P Risk algorithm

What is the P Risk algorithm?

We have developed a risk algorithm, called P Risk, to help GPs detect the early warning signs of psychosis. The P Risk algorithm uses predictors which are stored in the electronic medical records of patients. A previous nested case (n=11,690) control (n=81,793) study (1)  in primary care EHRs found that 12 predefined nonpsychotic warning symptoms and signs (depression, obsessive compulsive disorder, attention deficit hyperactivity disorder, mania, blunted affect, problems with cannabis, problems with cigarette smoking, sleeping problems, suicidal behaviour, bizarre behaviour, social isolation, role functioning problems), sociodemographic factors and consultation frequency were associated with later psychosis.

Using these findings we have developed and internally validated a prediction model (P Risk), using a sample of 300,000 people from 216 GP practices with linked primary care and secondary care EHRs and at least 5 years of follow up data, who had consulted their GP for any nonpsychotic mental health problem (paper submitted for publication May 2022). From this sample 830 diagnoses of psychosis were detected. P Risk discrimination (i.e. the ability to discriminate between those who later develop psychosis and those do not) performance is good (Harrell’s C statistic of 0.77). Once the final model had been identified, we calculated the predicted risk over 6 years for patients whose follow up time exceeded 6 years, or who had experienced an event within 6 years. We calculated sensitivity (i.e. ability to detect true positives), specificity (i.e. ability to detect false positives), and likelihood ratios for thresholds of risk of 0.5%, 1%, 1.5% and 2%. The sensitivity (68.9%) and specificity (70.9%) were similar and high for a 1% risk threshold, the likelihood ratio was 2.37.

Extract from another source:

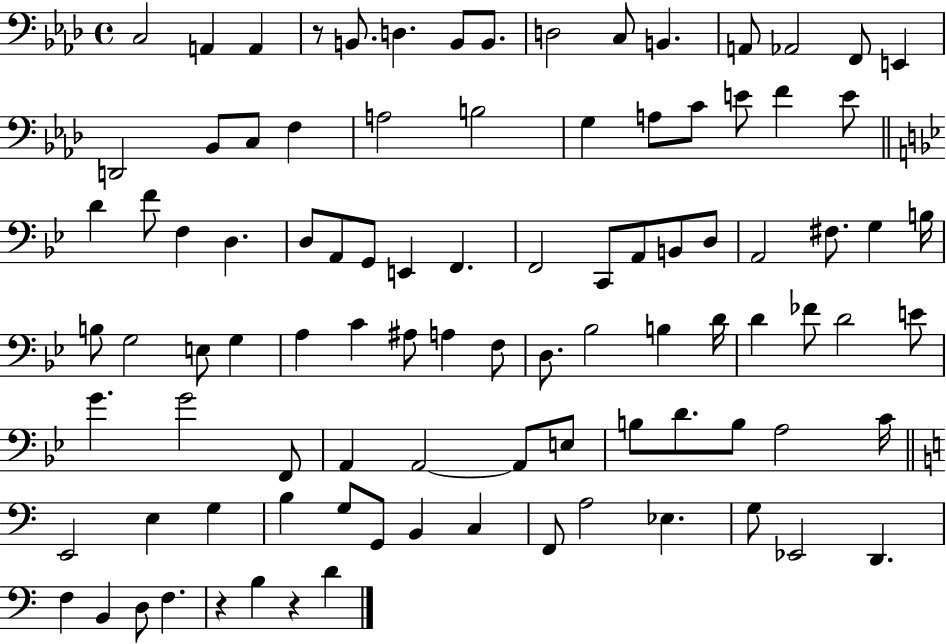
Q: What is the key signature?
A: AES major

External validation of P Risk in a separate EHR database showed slightly improved accuracy. P Risk overcomes the problems that GPs have in identifying patients with the early warning signs of psychosis described above by using existing primary care data to predict future risk. It uses EHR data on GP consultations for 14 proven nonpsychotic predictors for psychosis. It can therefore support individual GP diagnostic skills and is not dependent on care continuity. P Risk could be automated for use on GP IT systems in a similar way to other tools already in use, such as Q Risk for detecting cardiac risk and FRAX for osteoporosis risk.

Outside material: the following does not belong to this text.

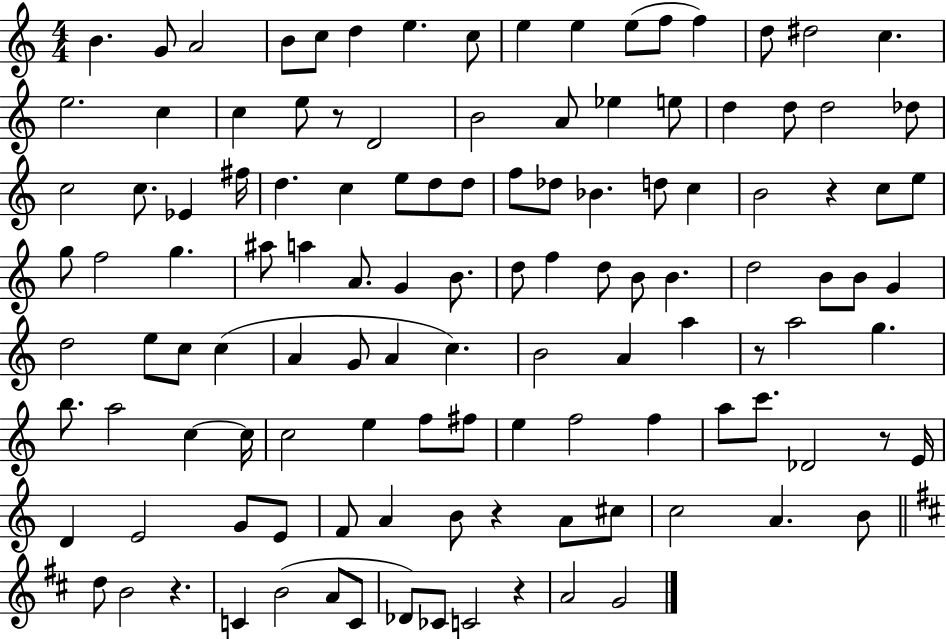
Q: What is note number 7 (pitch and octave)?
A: E5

How will P Risk work in practice?

EMIS will install the P Risk algorithm on participating GP practice computers. P Risk will calculate a risk score when a GP enters a Snomed code for a nonpsychotic mental health problem and a pop up will appear on the GP’s computer. The pop up will show a risk stratification of “low”, “medium” or “high” risk (cut points in the risk probability of P Risk at <=1% low, 2-20% medium and >20% high).

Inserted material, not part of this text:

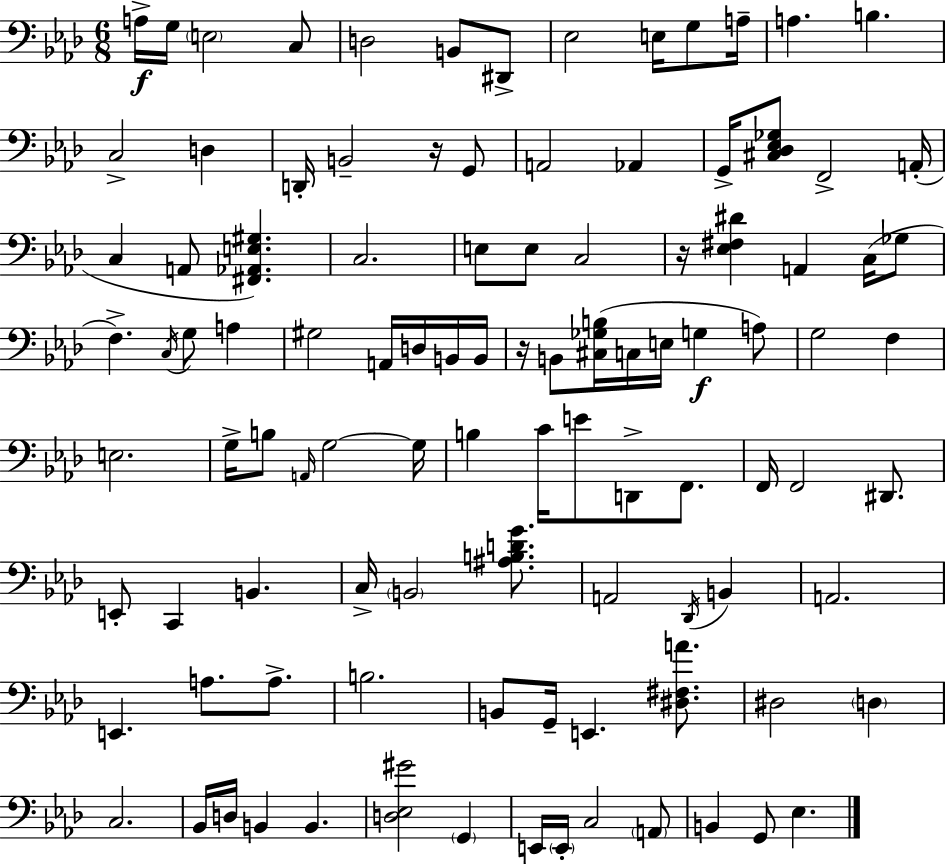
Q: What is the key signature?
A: AES major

After installation GPs will receive brief and simple training from a CRN clinical research nurse about the P Risk algorithm which will take no longer than 10 minutes and will include:

  • the rationale for risk stratification
  • the pop up
  • suggested extra questions to ask of patients whose risk strata is medium or high to aid the referral decision
  • Use of the P Risk Snomed code to indicate that the P Risk algorithm has been triggered.
  • the P Risk data about consultation history that will accompany a referral to secondary care for a psychosis assessment.

The GP will decide whether to refer to secondary care for a psychosis assessment depending on the P Risk score and additional questions asked.

(1) Sullivan SA, Hamilton W, Tilling K, Redaniel T, Moran P, Lewis G. Early signs and symptoms of psychosis within primary-care: a nested case-control study using electronic primary-care records. JAMA Network Open 2018.